A Reflection on Data Scraping.

This was my first time getting my hands dirty with data, nervousness is an understatement to what I felt while working on this. I scraped data using python on google colab. I chose google colab since it’s fast and reliable, with accelerated features such as Tensorflow GPU’s and Tensorflow TPU’s. I was required to scrape data from websites and twitter, but my main focus was on twitter to get real-time reactions concerning this case studies; M-Pesa in Kenya, Adani mines in Australia, and Gun laws in New Zealand.

To extract data from twitter I had to obtain twitter credentials, this was frustrating to get and terribly slowed down my project. I had the option of mimicking an existing data set but this would not have given me the outcome I needed in terms of decision making and sensemaking. I eventually got the credentials after waiting for weeks, during this period I researched on the case studies and different approaches that have been used by decisionmakers, and how this could be implemented technically.

To scrape twitter data, I discovered the power of tweepy and sklearn, which will be used with numpy, pandas and nltk. So I used tweepy to access the Twitter API, with the credentials I had been given by twitter.
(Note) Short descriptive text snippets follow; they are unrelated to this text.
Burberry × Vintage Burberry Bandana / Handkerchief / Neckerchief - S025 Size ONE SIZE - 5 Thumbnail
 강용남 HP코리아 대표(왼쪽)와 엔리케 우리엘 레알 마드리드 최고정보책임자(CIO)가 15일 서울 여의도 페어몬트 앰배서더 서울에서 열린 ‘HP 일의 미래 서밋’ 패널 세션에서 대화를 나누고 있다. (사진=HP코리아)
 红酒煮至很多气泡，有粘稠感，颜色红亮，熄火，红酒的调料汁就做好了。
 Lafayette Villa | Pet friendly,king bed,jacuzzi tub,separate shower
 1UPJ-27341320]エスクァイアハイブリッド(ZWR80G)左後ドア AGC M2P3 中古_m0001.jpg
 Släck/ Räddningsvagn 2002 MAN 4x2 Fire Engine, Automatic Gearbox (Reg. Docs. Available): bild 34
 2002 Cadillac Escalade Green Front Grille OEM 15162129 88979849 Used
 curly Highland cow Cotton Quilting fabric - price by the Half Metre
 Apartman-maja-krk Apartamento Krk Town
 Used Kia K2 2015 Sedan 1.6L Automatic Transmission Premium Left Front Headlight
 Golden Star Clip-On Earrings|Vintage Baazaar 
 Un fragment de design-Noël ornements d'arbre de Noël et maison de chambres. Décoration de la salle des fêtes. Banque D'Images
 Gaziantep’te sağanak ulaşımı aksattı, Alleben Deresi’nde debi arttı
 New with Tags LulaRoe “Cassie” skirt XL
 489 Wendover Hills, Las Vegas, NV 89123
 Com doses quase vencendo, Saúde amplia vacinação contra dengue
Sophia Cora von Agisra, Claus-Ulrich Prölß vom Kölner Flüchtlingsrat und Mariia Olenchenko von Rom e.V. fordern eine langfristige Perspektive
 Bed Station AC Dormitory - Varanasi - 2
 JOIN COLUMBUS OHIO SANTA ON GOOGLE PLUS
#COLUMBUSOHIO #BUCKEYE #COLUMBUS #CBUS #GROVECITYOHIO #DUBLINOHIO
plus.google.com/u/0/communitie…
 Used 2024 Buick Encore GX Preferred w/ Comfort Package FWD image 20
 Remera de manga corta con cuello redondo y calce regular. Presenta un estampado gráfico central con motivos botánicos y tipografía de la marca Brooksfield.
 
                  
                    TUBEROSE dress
I got a lot of errors while on this stage of the project, and to be quite honest it took me nearly two days to get it done and achieve a clean set of data that can be analyzed and understood. Stack Overflow and GitHub came through for me, with these platforms I was able to see what others have done and how they were able to tackle challenges attached to scraping data. Now I understand why it’s said that 80% of the time if not careful might be spent on scraping. I spent an awful amount of time finding techniques or ways of acquiring data in simpler or understandable ways but I realized the trick is to just do it, data obtained can’t be perfect but it can be manipulated to get insights.

Medium helped me understand how to scrape data from twitter. Reading is one of the ways I tackled uncertainty with this project, and on data scraping, I found out there’s no big difference between selenium and beautiful soup, these libraries nearly have the same functionality. But Selenium has a browser mocking tool, which enables the user to control the amount of data obtained from twitter or the website.

So what did I learn?

Time management is key — I spent a lot of time working on this and didn’t notice how not being organized during this stage would consume my time, after getting the credentials, I was overly excited to use as many techniques as possible to get the perfect data, instead of strategizing and considering all factors that would be affected.

Communication — This should have been the time to communicate my issues to my mentor more but instead I worked on it by myself instead of seeking help, also as much as I reflected on this on my journal, I should have had it here on a blog to easily track my progress.

Learn to be a quick learner — I trust the process of the learning, but what I got during this time, is to be swift, I should have acknowledged the time frame I had in hand and plan against it.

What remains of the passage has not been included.